■ Work order: Transcribe the data below verbatim from the line with "SKECHERS-52458-40-BLU-SNEAK-UOMO" to the line with "Auto Accessory 3D M… - image". Include both of those lines.

■ Material provided:

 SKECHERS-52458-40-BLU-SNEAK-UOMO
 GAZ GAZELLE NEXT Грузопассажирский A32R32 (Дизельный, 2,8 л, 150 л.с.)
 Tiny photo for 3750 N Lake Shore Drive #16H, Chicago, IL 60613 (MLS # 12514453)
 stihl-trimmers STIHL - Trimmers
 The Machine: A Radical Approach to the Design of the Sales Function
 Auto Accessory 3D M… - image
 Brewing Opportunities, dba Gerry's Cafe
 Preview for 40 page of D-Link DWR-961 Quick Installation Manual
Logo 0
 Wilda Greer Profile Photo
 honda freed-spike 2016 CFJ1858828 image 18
---
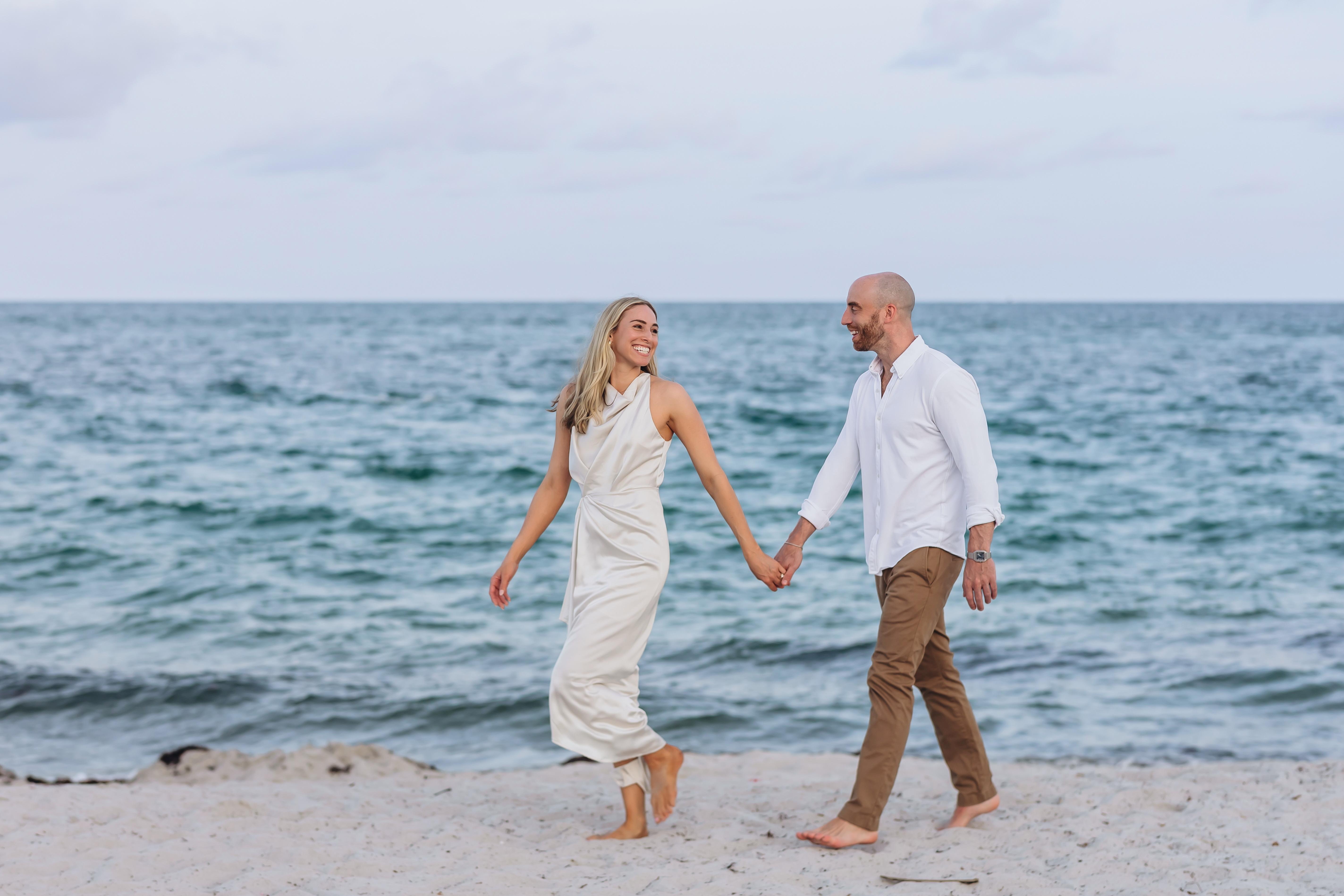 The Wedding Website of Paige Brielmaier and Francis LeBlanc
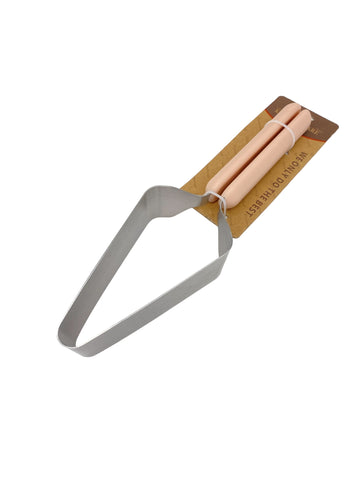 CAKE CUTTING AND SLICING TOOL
---
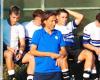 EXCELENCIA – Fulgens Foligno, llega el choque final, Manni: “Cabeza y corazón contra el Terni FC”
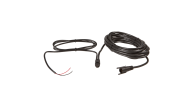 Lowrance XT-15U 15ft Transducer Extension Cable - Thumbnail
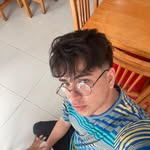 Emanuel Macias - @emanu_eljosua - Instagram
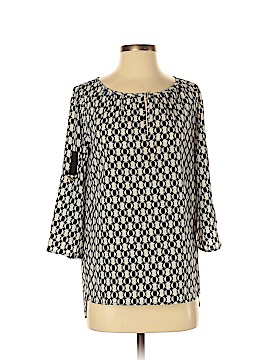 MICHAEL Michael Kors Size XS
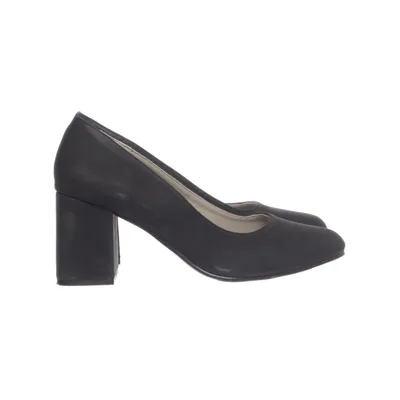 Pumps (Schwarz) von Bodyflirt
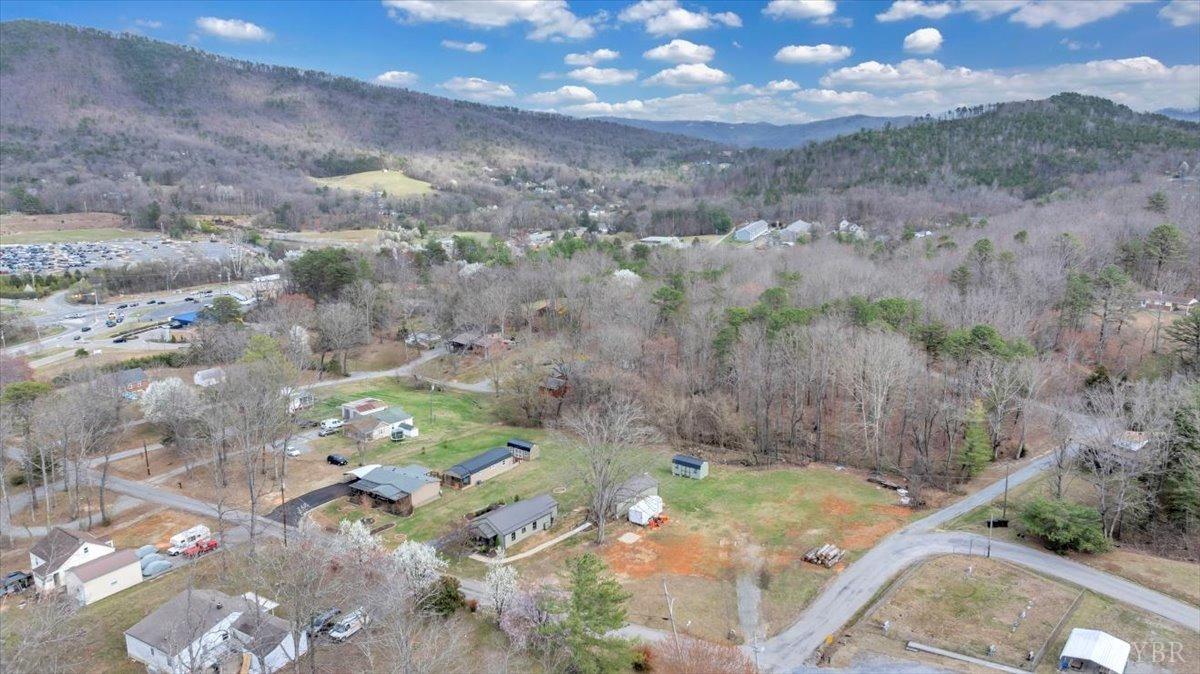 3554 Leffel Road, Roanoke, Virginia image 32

■ Answer to this exercise:
 SKECHERS-52458-40-BLU-SNEAK-UOMO
 GAZ GAZELLE NEXT Грузопассажирский A32R32 (Дизельный, 2,8 л, 150 л.с.)
 Tiny photo for 3750 N Lake Shore Drive #16H, Chicago, IL 60613 (MLS # 12514453)
 stihl-trimmers STIHL - Trimmers
 The Machine: A Radical Approach to the Design of the Sales Function
 Auto Accessory 3D M… - image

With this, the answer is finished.